Just as fanservice in anime favors enormous breasts over female intelligence and character arcs, A.I. art demeans womanhood by reifying the same sexist ideals permeating the digital world in video games, social media, and T.V. Women exist only for pleasure, and A.I. art perpetuates this idea — now, at a much, much wider scale.
It is vital here to emphasize how such technologies are not created in a vacuum. It is people who create the algorithms A.I. art is based on. It is people who choose the thousands of images that refine the algorithm and help it “learn” a particular aesthetic. And it is people who engage in art thievery, who create unrecognizable visions of the “perfect” woman, and who use these digital tools to reify sexism instead of finding avenues for empowerment. Yes, there is an endless list of programmers, designers, and consumers who may continue to degrade the creative space if nothing changes.
This is not to say that misogyny and art have not been in- tertwined for some time, well before the advent of A.I. technologies. Great artists like Georgia O’keeffe and Lauren Greenfield had to fight for their place in the male dominated world of artistry, thus amplifying female voices over sexist ideations. This is also not to say that such individuals will fall out of favor with the public and will lose their ability to influence others with their works.

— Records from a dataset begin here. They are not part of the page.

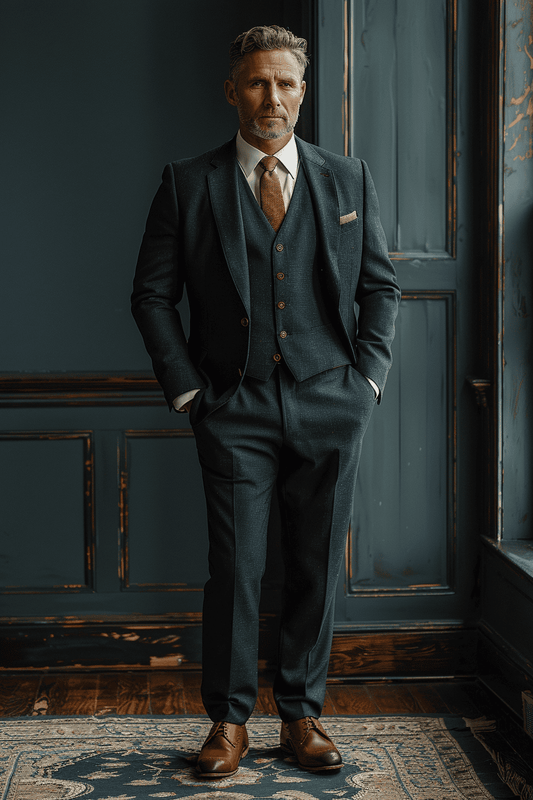 Midnight Blue Cotton Father of the Bride Suit — Custom Made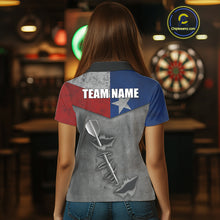 Load image into Gallery viewer, Personalized Texas Flag Steel Tip Dart Polo &amp; 1/4 Zip For Women Custom Texas Darts Team Jersey TDM5262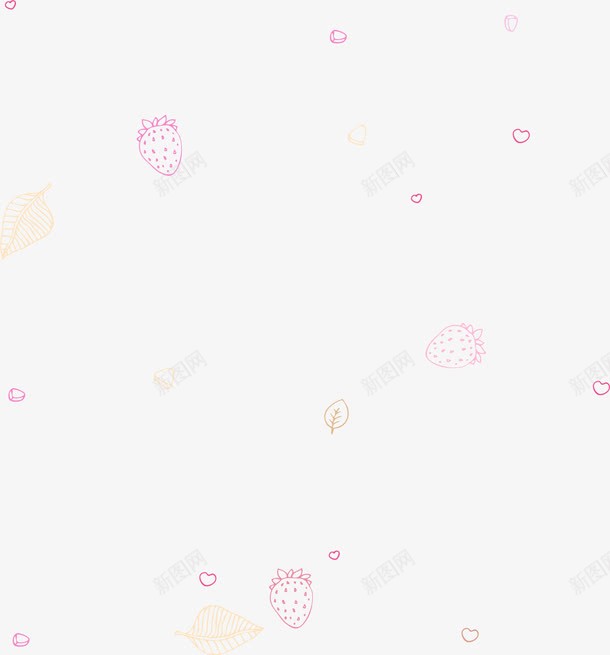 粉色草莓背景png免抠素材_新图网 https://ixintu.com 免抠PNG 树叶 粉色 背景 草莓 边框纹理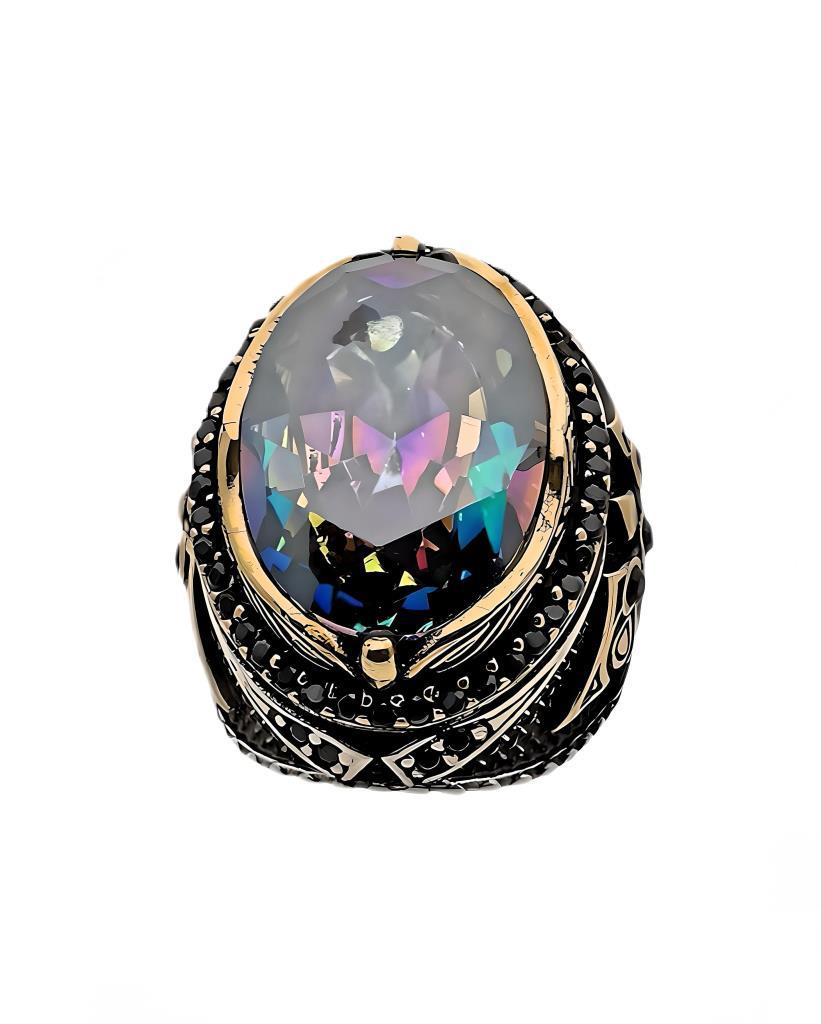 Gevheranss Mistik Topaz Ve Zirkon Taşli Gümüş Yüzük 240053313G27y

However, with A.I. art — through its blending of works and its perpetuation of sexism — significant, feminist pieces may get lost in the background in the search for the feminine “ideal”. Audiences may turn their eyes to instant gratification, like the overexaggerated female form, rather than human-driven art.
Since it is people who are producing such ethical conundrums in need of analysis, it must be the same people who paint a brighter picture of the future. After all, it doesn’t seem that A.I. art is going anywhere anytime soon. A.I. advocates must listen closely to the struggles of current creatives, so the market may be habitable for both parties. They must introduce some restrictions on the kind of pieces that can be produced, or at least take a firm stance against exploitative, misogynistic art.
The path ahead looks bleak. Artists are still vying to be heard by the general public and the image generators taking advantage of their hard work. Regardless of what the outcome may be, it is imperative that A.I. artists keep real creators in mind when trying to make A.I. art mainstream. After all, art is nothing without the hard work of people expressing themselves and helping others do the same.